7. Choose colors that stand out and use contrast
This is not to say that you should only use bright colors or use every color in the rainbow for your thumbnails. You want to choose colors that make sense for your brand and that complement one another. But only using only dull colors like gray, black, and white isn’t the way to attract attention. So, experiment with bold-colored backgrounds or pops of color in your images or thumbnail text.
Also, use contrast to make important elements of your thumbnail stand out and, more importantly, to ensure that the text is easy to read.
8. Test different thumbnail styles
Some thumbnails may drive more clicks than others. Try different styles, compare click-through rates, and gradually whittle it down to the ones that work best.
9. Stick to a consistent thumbnail style
Use a consistent style, font, and color palette. Also, use your company’s logo and branding elements to make your thumbnails instantly recognizable to viewers. If they are attractive and people view your videos and enjoy the content, they’ll be more likely to spot your thumbnails in the future and watch your videos. In other words, visual brand consistency builds trust and increases memorability.
Hence the reason WordStream by LocaliQ uses consistent branding for different types of videos. But notice that even the thumbnails with different styles contain elements that would help potential viewers recognize the brand, including brand colors, logos, and consistent fonts.
The easiest way to create YouTube thumbnails
Now that you know what effective (and ineffective) YouTube thumbnail examples look like, you need to know how to make your own thumbnails. Plenty of design tools have templates you can use, but Canva is one of the most popular and user-friendly. You don’t need any design experience to use it but, if you have an eye for design, you can start from a blank YouTube thumbnail template with the proper resolution of 1280 x 720 pixels.
From there, you can add text, choose design elements like photos and icons, and upload branded elements like your logo or headshot—all with simple drag-and-drop functionality.
If you’d rather not start from scratch or are short on time, you can choose from one of the pre-made templates.
To customize the design, just click on the element you want to change and select from the available options in the toolbar. So, for example, I clicked the text box, typed in new text, and decreased the font slightly.
Next, I uploaded a relevant image, replaced the existing one, and lightened the background color.
I then selected all of the dark yellow text and icons and switched the color to blue.

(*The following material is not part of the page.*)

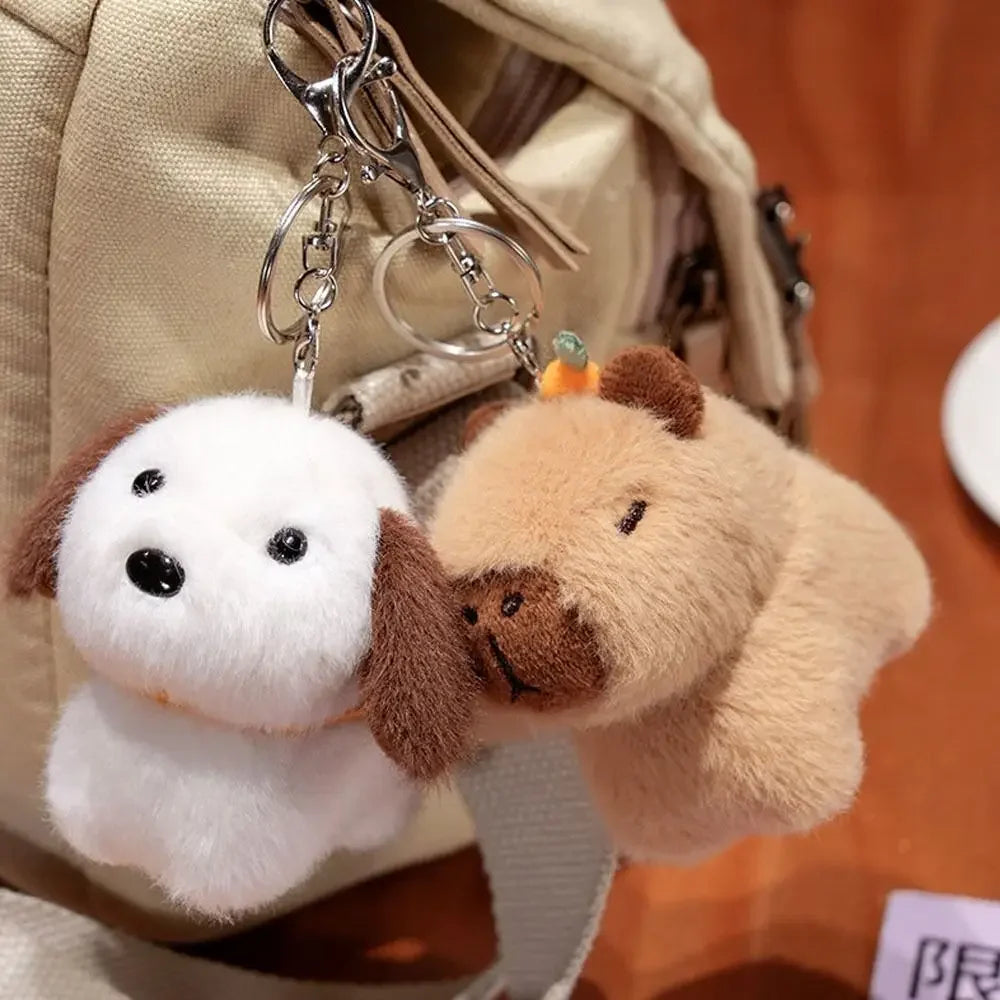 Two kawaii plush dog keychains hanging from a bag.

You can go even further, adding additional elements, uploading your logo, playing with colors and filters, and more. But this goes to show how quick and easy it can be to customize Canva’s thumbnail templates, and the process is similar to many other graphic design tools you might use.

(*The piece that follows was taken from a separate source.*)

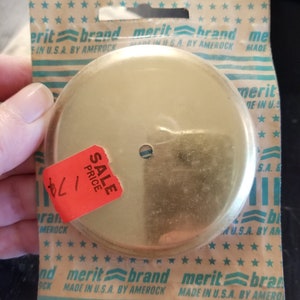 May include: A gold-colored metal round plate with a small hole in the center. The plate is packaged in a clear plastic bag with a white and blue striped background. The bag has the text "merit brand" printed on it. A red sticker with the text "SALE PRICE" is attached to the plate.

Try it for yourself: How to create your best YouTube thumbnail yet
Coming up with YouTube video ideas and creating content can be a lot of work, especially if you’re a new creator. It can be tempting to just go with the default thumbnail—a clip from your video. But, ultimately, your goal is to generate interest in your business through video. For that to happen, you need viewers, and they won’t come out of nowhere. It’s up to you to create enticing thumbnails that drive clicks. And now you know how to do it, so it’s time to put what you’ve learned into practice!